For the records below, please print exactly and only the lines from the one with "We think the" down to the one with "Iniziamo con questo", both ends included, omitting the pictures.

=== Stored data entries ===
^^^^^^^^
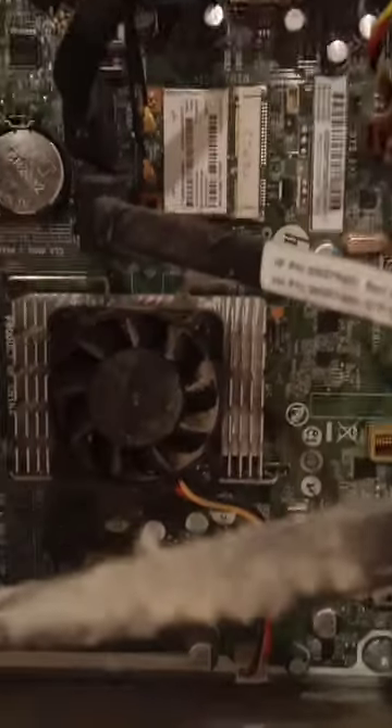Are you kidding me guys? That fan is like the fan that goes on my Raspberry Pi. Look at it in here — this is awful. I'm going back to my Chromebook.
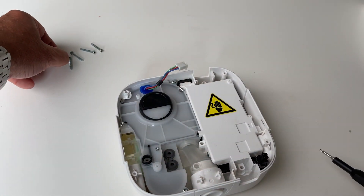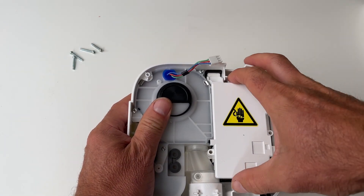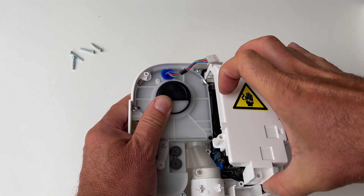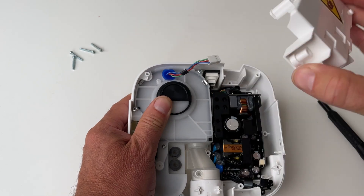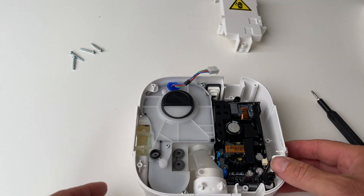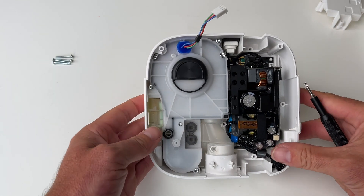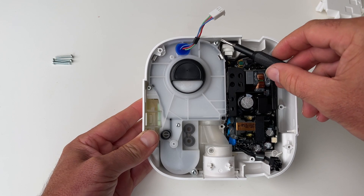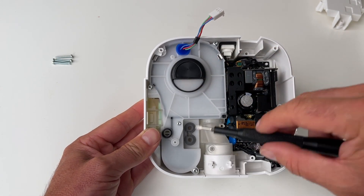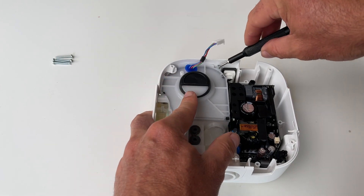We've got the four big screws out and now this top of the casing here should just come off pretty easy — it pulls off. Once we've got that out we can pull out this casing part. To take the turbine casing out we need to remove a few more screws — one, two, and three. These are quite long screws again.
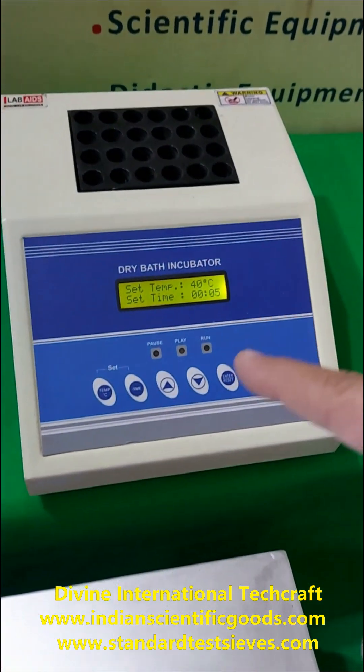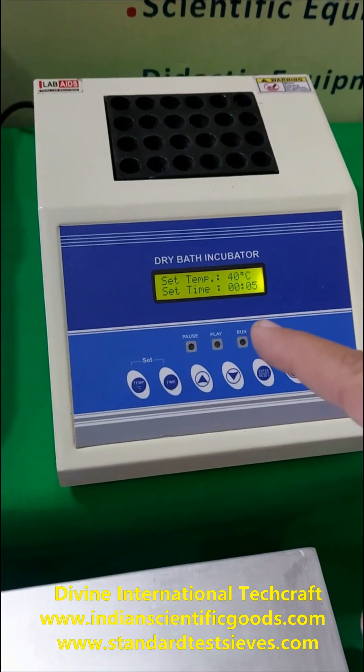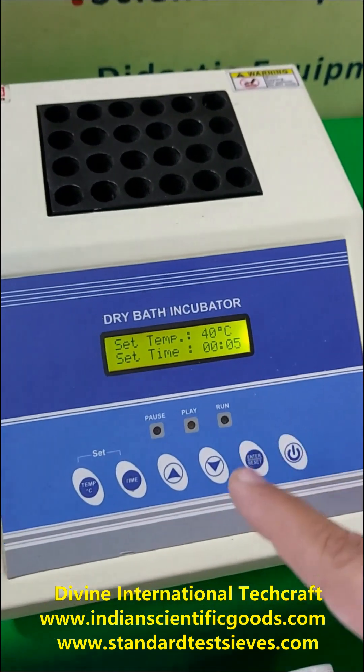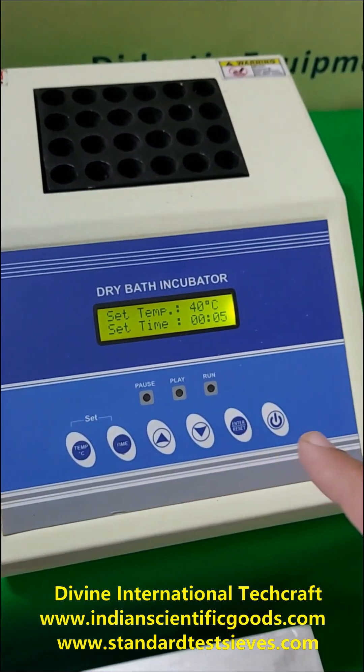These block heaters have a digital temperature display. Heating temperature and time duration can be set using the feather touch keys.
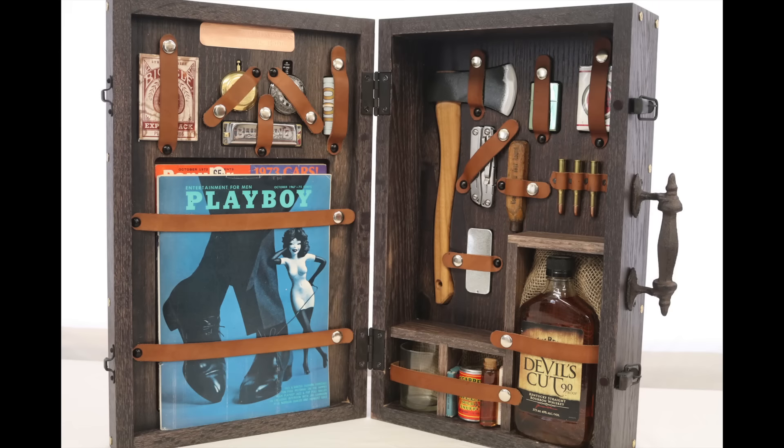Hey everybody, Fetty here. In this project breakdown, I want to show you how I built the box for my Gentleman Survival Kit. If you haven't seen that video, it's posted on my channel and it might be worthwhile to check that out. There's a lot of details in this box and the construction is a little bit unconventional, so I'm going to try to explain everything I did and show you all those details.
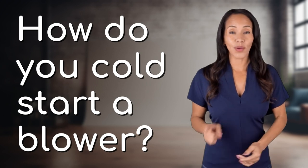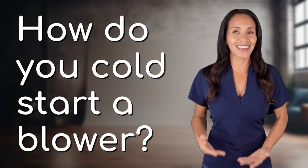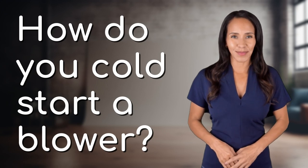Hey curious minds, ready to turn your questions into knowledge? Let's dive in.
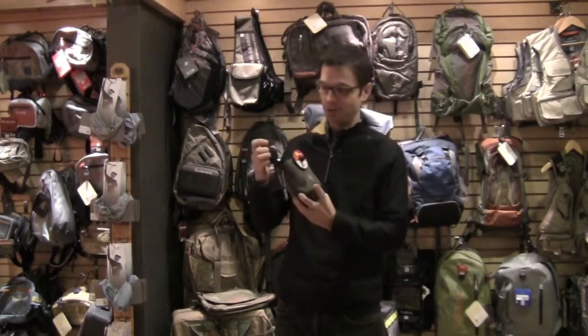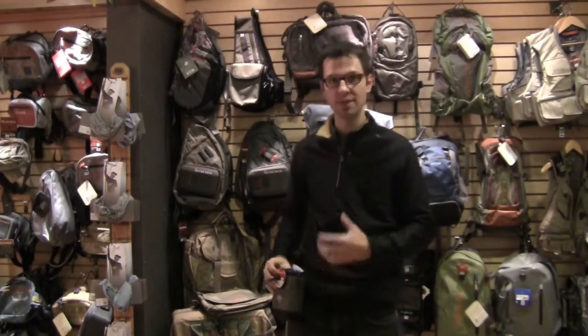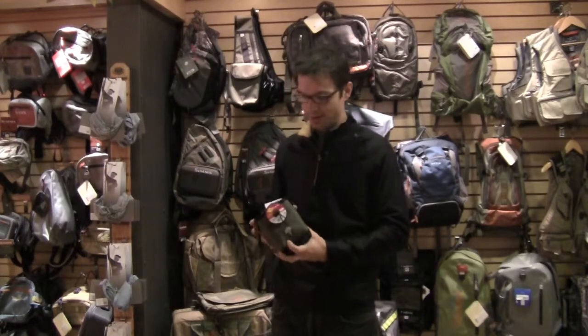For $29.99 it gives you a quick and easy way to get somebody new started, or something easy you can grab and throw on your belt to give you one more place for an extra fly box or a bottle of water. It's definitely a good pack that can go a lot of different ways and I hope you'll check it out.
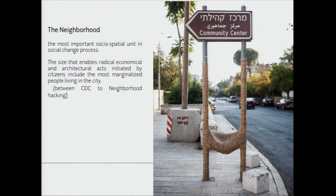We think the neighborhood is the most important social-spatial unit. This is the size that enables radical, economical, and architectural acts initiated by citizens. And this is the unit that creates the relation between the extra-small data of the citizen and the big data of the city.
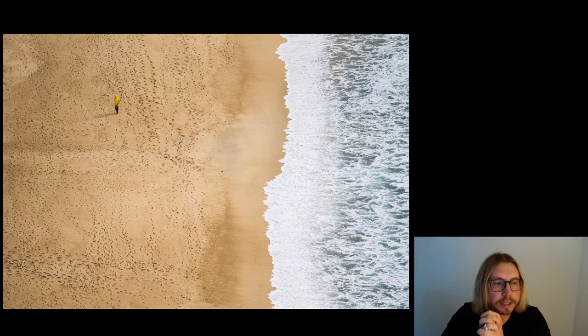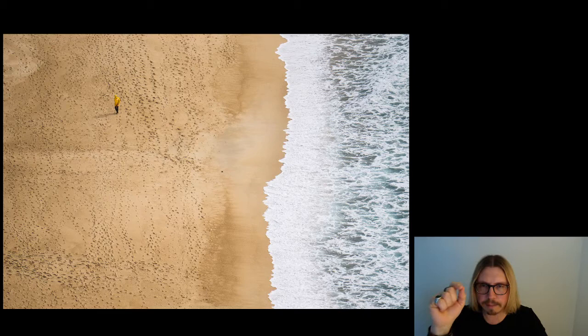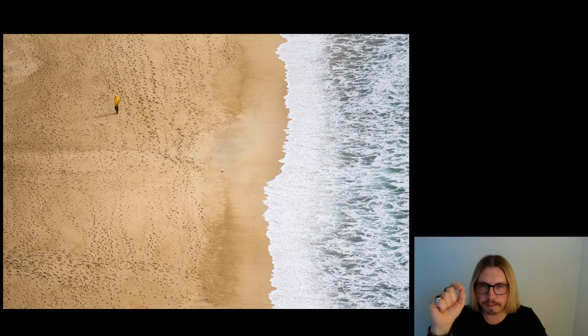Iniziamo con questo scatto fatto da Samuele in Portogallo. Ho caricato subito questa sua foto, molto interessante e molto bella, anche perché lui è un caro amico di Lucrezia. Questa immagine di Samuele è molto interessante, è fatta bene dal punto di vista della composizione e dell'armonia dell'immagine. Vediamo il mare sulla destra, la spiaggia più estesa sulla sinistra. A me dà l'impressione quasi fosse la parte sinistra della spiaggia una pagina di un libro strappata. Dall'alto, una bella prospettiva, con una buona luce laterale che crea tridimensionalità e mette in evidenza ogni singola impronta.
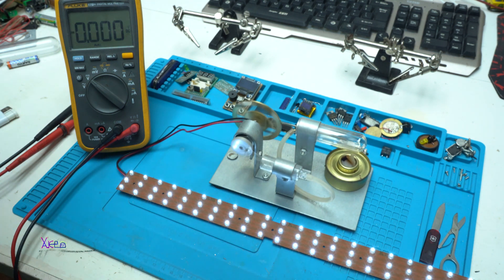I hope you liked today's presentation of the Stirling engine. Give a like, share the video, and subscribe to my channel.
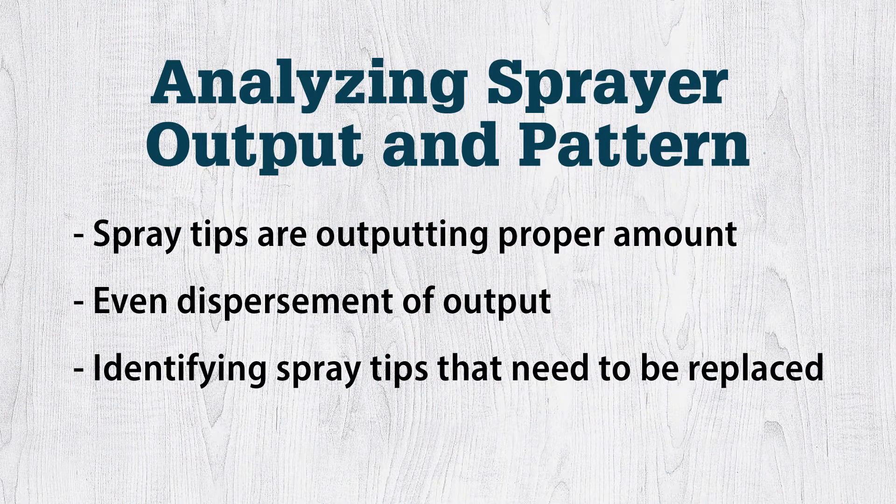Today we're going to go over a couple different methods to check your spray tips, make sure that they are putting out the proper amounts in a proper pattern, and to determine if they need to be replaced.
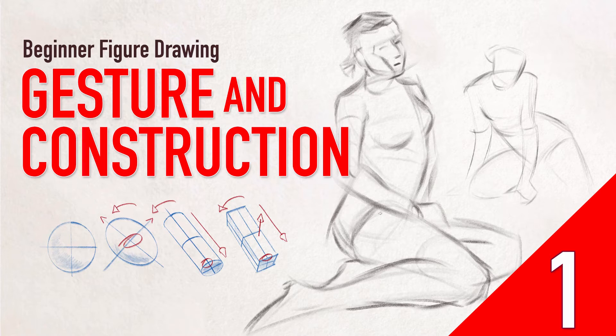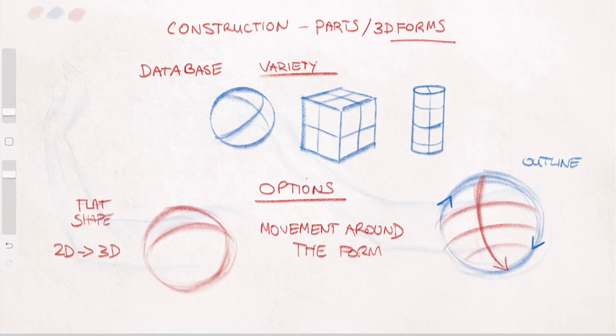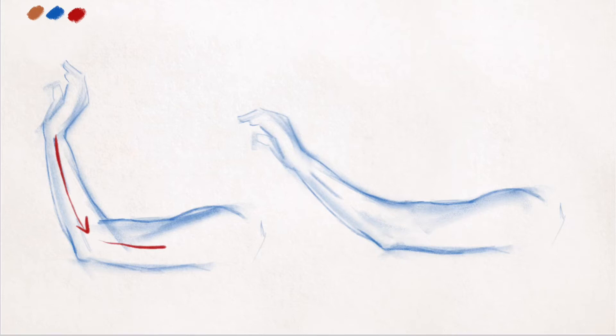Hi there, welcome to this tutorial on the fundamentals of construction and gesture for drawing the figure. This tutorial is designed for those who are just starting out and is going to break down the figure in basic terms that will explain how and why things work.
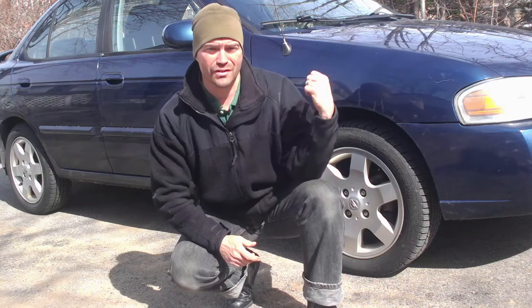Hey guys, welcome back to Homesteading with the Heberts, garage edition. This time what we're going to do is change out the shocks and struts in a 2006 Nissan Sentra.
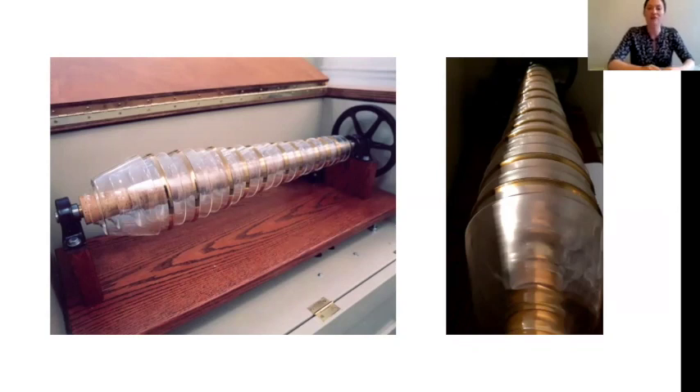Rather than having the foot treadle we saw in the painting, our version of the glass harmonica has an electric motor which spins the wheel and turns the rod and the bowls — so it's even easier to play. I think Ben Franklin would have approved of this addition because he was always trying to improve things, and he was also very interested in electricity — we remember him as one of the fathers of electricity.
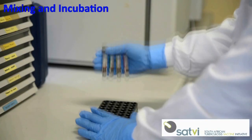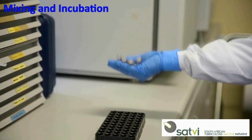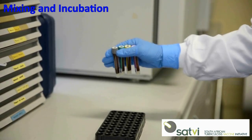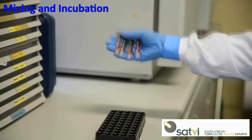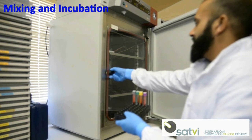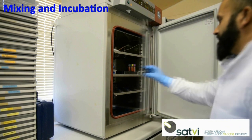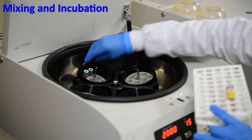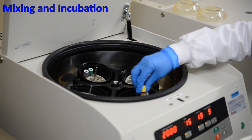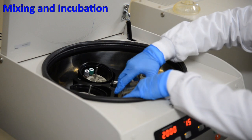After blood collection, invert the tubes 10 times, firmly enough to ensure the entire surface of the tube is coated with blood to dissolve the antigens in the tube walls. Incubate the tubes at 37 degrees for 16 to 20 hours. After incubation, centrifuge the tubes at 2000 to 3000 RCF for 15 minutes.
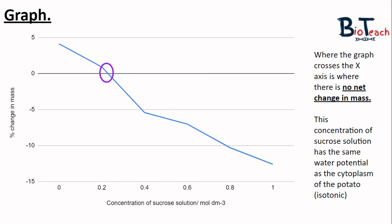Your completed graph will look something like this. You can see the x-axis is about a quarter of the way down from the top, with negative values below. A purple circle highlights where the graph crosses the x-axis. At this point there is no net change in mass — the concentration of sucrose solution has the same water potential as the cytoplasm of the potato. The potato is in an isotonic condition at this concentration, so water cannot move in either direction.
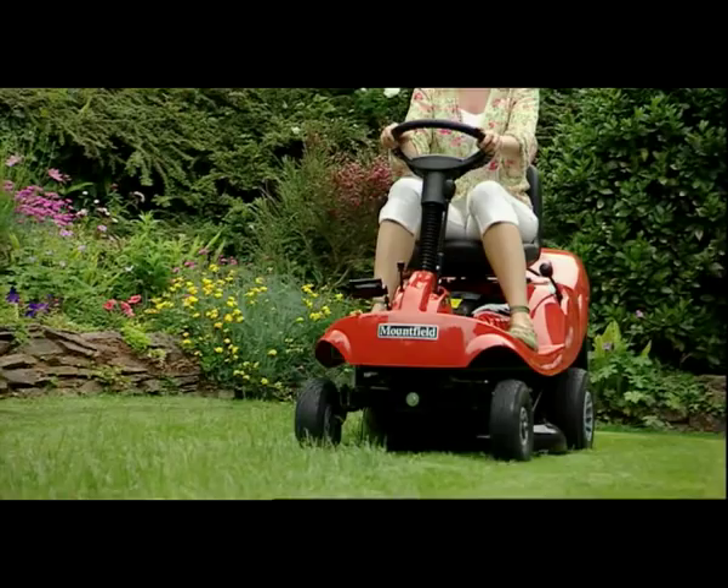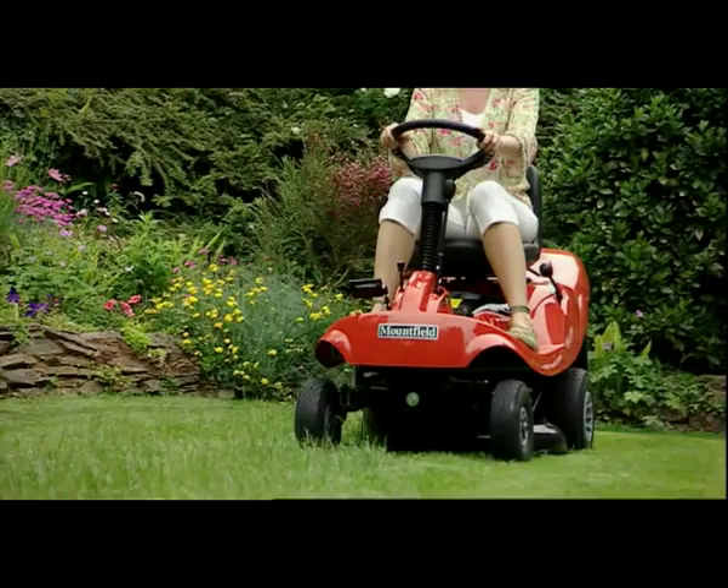These stylish compact riders are highly manoeuvrable, and whether you have a number of small areas with borders, trees and garden furniture to negotiate, or your lawn is a regular shape of about half an acre, you'll find mowing your grass is easier, quicker and much more fun.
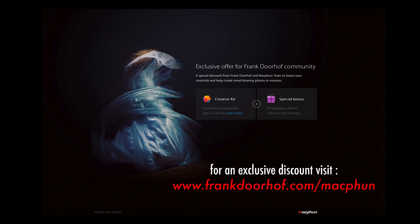This episode of QuiteFrankly was made possible by our friends from MacFun — great photo editing software for Mac. Go to our special MacFun community website for exclusive deals just for you guys!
^^^^^^^^
=== EXPECTED ANSWER ===
We think the neighborhood is the most important social-spatial unit. This is the size that enables radical, economical, and architectural acts initiated by citizens. And this is the unit that creates the relation between the extra-small data of the citizen and the big data of the city.
Iniziamo con questo scatto fatto da Samuele in Portogallo. Ho caricato subito questa sua foto, molto interessante e molto bella, anche perché lui è un caro amico di Lucrezia. Questa immagine di Samuele è molto interessante, è fatta bene dal punto di vista della composizione e dell'armonia dell'immagine. Vediamo il mare sulla destra, la spiaggia più estesa sulla sinistra. A me dà l'impressione quasi fosse la parte sinistra della spiaggia una pagina di un libro strappata. Dall'alto, una bella prospettiva, con una buona luce laterale che crea tridimensionalità e mette in evidenza ogni singola impronta.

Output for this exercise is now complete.